__TASK DETAILS__: When you restate the data, keep every word as it is and drop the images.

__DATA SHOWN__:
════
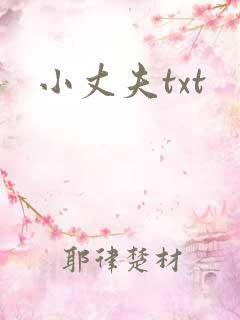 小丈夫txt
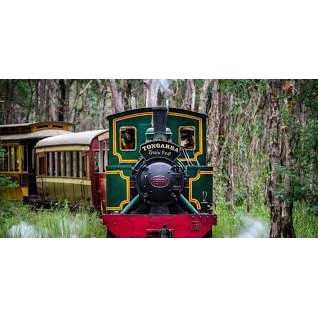 Illawarra Light Railway Steam Museum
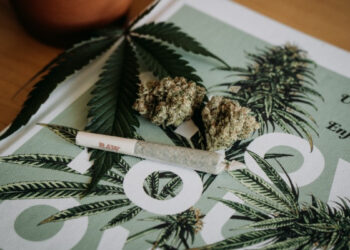 La mitad de lxs estadounidenses ha usado cannabis alguna vez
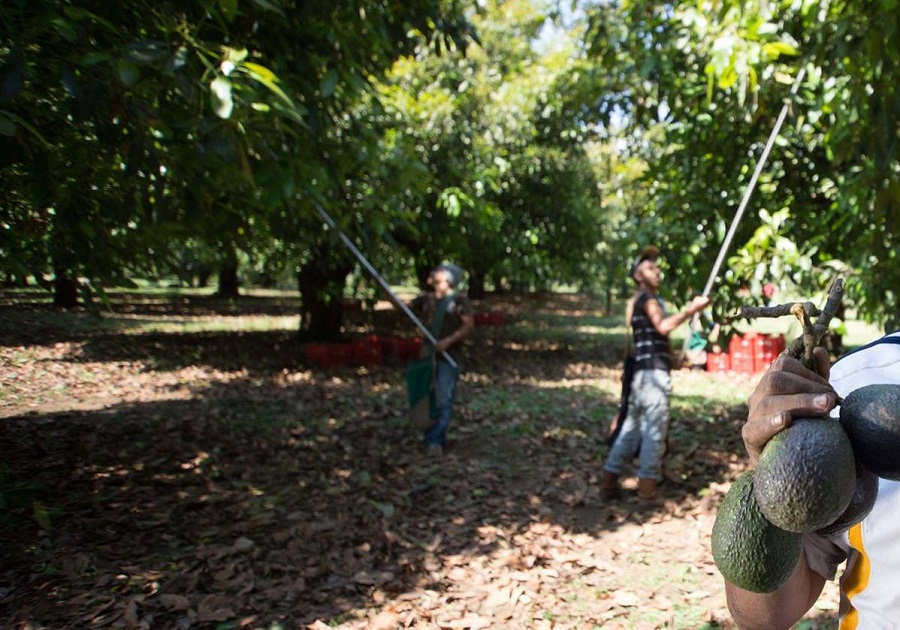 Cultivos de aguacate en Coatepec Harinas con afectaciones.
════
__RESPONSE FOR THIS EXERCISE__:
 小丈夫txt
 Illawarra Light Railway Steam Museum
 La mitad de lxs estadounidenses ha usado cannabis alguna vez
 Cultivos de aguacate en Coatepec Harinas con afectaciones.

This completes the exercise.